Présenté par Pascale Joly, déléguée pédagogique Hachette Education
Langue : français (France)
Fréquence : un épisode tous les deux mois

La littérature jeunesse n’a jamais été aussi foisonnante. Pourtant, initier les élèves à la lecture peut parfois représenter un défi. Comment les accompagner dans la découverte du livre, et développer leur goût pour ce média ? Comment leur faire ouvrir la porte du CDI ?

Isabelle Harbonnier-Valdher est professeur documentaliste au collège René Cassin, à Loos-en-Gohelle dans le Pas-de-Calais. Elle est aussi formatrice en littérature jeunesse pour l’académie de Lille et auteure du blog de lecture et de coups de cœur Petites Madeleines.

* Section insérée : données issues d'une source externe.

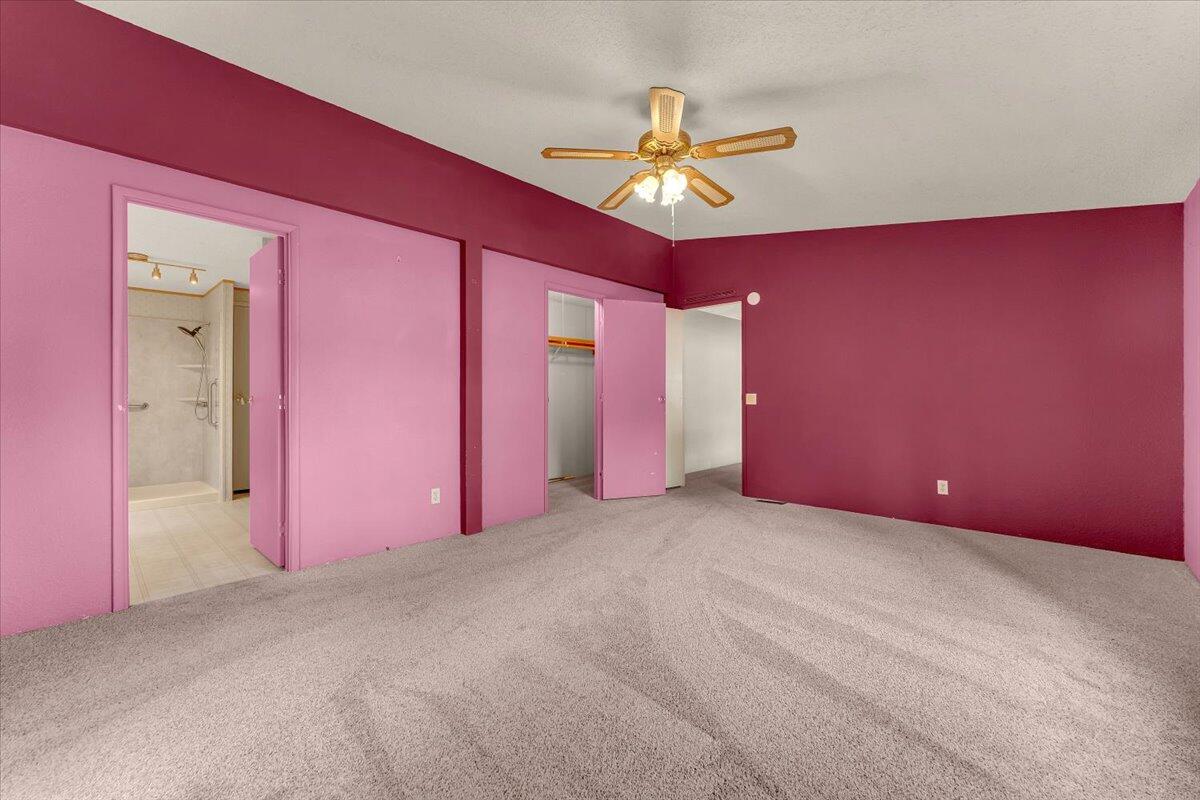 1237 Mountain Shadows Boulevard Redding, CA 96003 - Photo 18 of 34 a view of empty room with a fan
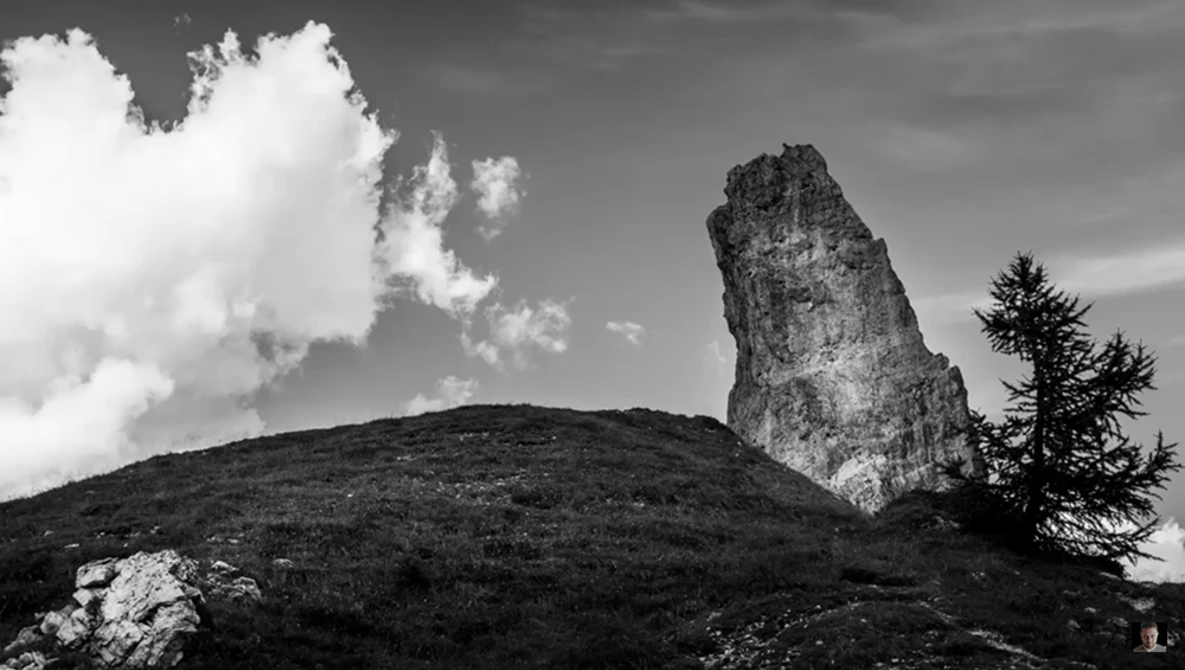 Dramatic rocky pinnacle rising from a forested hillside beneath cloudy sky.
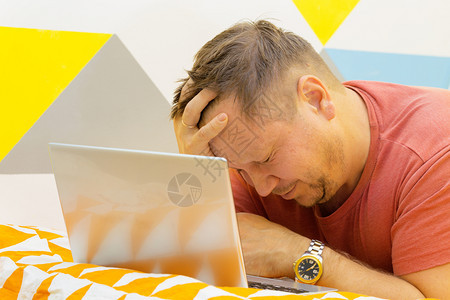 男人在床上工作笔记本电脑上工作人类情感图片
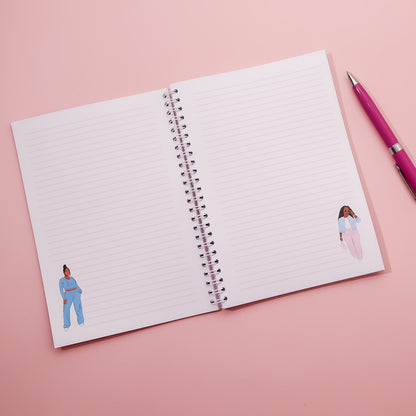 Open notebook with lined pages featuring illustrations of women on a pink background, accompanied by a pink pen.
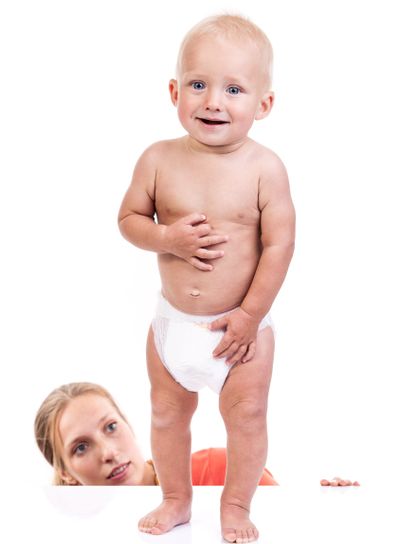 Mother watching her baby boy making first steps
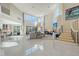 Bright and spacious living area with high ceilings, fireplace and staircase at 3408 Fair Oaks Ln, Longboat Key, FL 34228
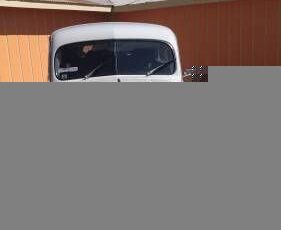 Unknown-Corvair-1962-Mango-Tango-Black-Houndstooth-4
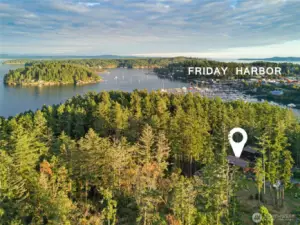 Panoramic aerial view illustrating the condo’s ideal location near Friday Harbor, with easy access to the marina, shops, restaurants, and ferry while still enjoying peaceful forest surroundings.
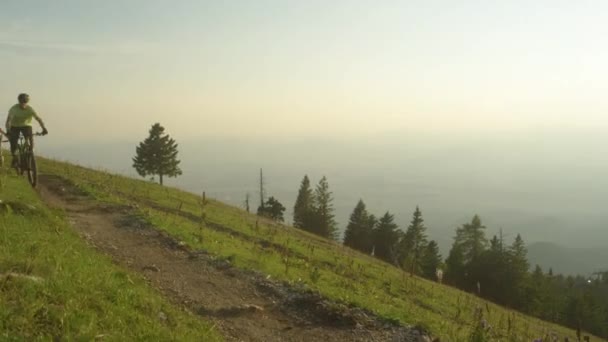 CERRAR: Cuatro amigos en bicicleta de montaña recorren un estrecho sendero de montaña . — Vídeo de stock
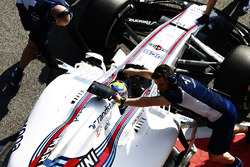 Felipe Massa, Williams FW40, is wheeled back into his garage by mechanics
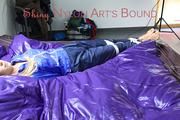 Samantha tied and gagged on bed wearing a shiny darkblue nylon rain pants and a light blue rain jacket (Pics)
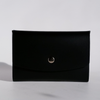 Black Papier Plume Swatch Book Card Holder made of regenerated leather, open to show multiple card slots.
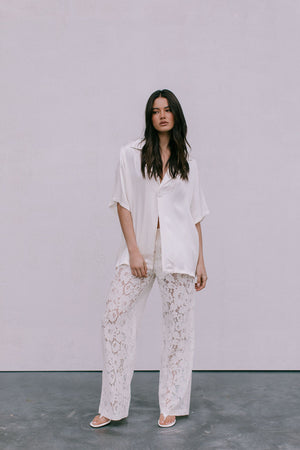 Woman wearing a white shirt and lace pants against a plain background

Animée par une volonté de partage, elle a participé en tant que co-auteure à la nouvelle collection de Français Collège Mission Plumes.  Au cours de son entretien avec Pascale Joly pour le podcast Vocation : auteur, elle nous parle avec passion de son métier et de ses stratégies pour donner aux élèves l’envie de lire.

Le quatrième épisode est aussi disponible sur différentes plateformes d’écoute en streaming.

Pascale Joly : Nous venons d'écouter Hedwig’s Theme (John Williams, ℗ 2001 Warner Records Inc.), le générique du premier film d'Harry Potter, pour introduire ce podcast. Pourquoi as-tu choisi cet extrait ?

Isabelle Harbonnier-Valdher : J'imagine que beaucoup d'auditeurs et d'auditrices l'auront peut-être reconnu. Cet extrait, pour moi c'est symbolique, c'est à la fois personnel et professionnel : c'est personnel parce que j'étais une lectrice d'Harry Potter - quand j'étais grande ado, jeune adulte... Cela m'a accompagné en fait, cela fait partie de mes livres piliers. Je le lisais même en anglais, je me suis mise à améliorer mon anglais pour pouvoir le lire quand la suite sortait, car elle sortait plus vite en anglais qu'en français... c'est vraiment un souvenir personnel. Plus professionnellement, c'est tout de même un grand bouleversement dans la publication éditoriale en littérature jeunesse. C'est ce qui a abattu les barrières avec la littérature adulte. C'est ce qui a permis de revendiquer un amour pour la littérature jeunesse. Et avec mes élèves, c'est aussi symbolique puisque c'est notre thème déclencheur pour nos quarts d'heure de lecture. On l’a fait il n’y a pas longtemps d’ailleurs. Ces petites notes de musique pour mes élèves, ça veut dire : vous fermez tout, vous sortez vos livres, on va lire !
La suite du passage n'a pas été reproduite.